- _Exercise description_
Start at the line with "Multi-Function Green Laser" in the records below, stop at the line with "Silver Ball Hooks", and return every line in that span exactly, the two end lines included.

Crawled caption data

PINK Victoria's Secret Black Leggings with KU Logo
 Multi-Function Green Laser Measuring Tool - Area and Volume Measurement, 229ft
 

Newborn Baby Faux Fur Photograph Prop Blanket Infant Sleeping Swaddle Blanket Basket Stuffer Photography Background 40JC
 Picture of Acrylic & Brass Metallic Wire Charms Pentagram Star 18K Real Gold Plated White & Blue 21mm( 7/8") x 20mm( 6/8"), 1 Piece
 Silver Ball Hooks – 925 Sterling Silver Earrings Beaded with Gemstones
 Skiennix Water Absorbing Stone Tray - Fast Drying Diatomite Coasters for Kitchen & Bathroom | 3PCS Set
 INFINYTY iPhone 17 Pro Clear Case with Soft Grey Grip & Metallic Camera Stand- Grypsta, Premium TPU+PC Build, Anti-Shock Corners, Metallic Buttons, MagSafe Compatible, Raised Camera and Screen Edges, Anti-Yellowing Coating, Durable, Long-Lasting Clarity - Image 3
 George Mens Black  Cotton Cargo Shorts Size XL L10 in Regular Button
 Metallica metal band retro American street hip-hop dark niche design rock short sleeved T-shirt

- _Written solution_
 Multi-Function Green Laser Measuring Tool - Area and Volume Measurement, 229ft
 

Newborn Baby Faux Fur Photograph Prop Blanket Infant Sleeping Swaddle Blanket Basket Stuffer Photography Background 40JC
 Picture of Acrylic & Brass Metallic Wire Charms Pentagram Star 18K Real Gold Plated White & Blue 21mm( 7/8") x 20mm( 6/8"), 1 Piece
 Silver Ball Hooks – 925 Sterling Silver Earrings Beaded with Gemstones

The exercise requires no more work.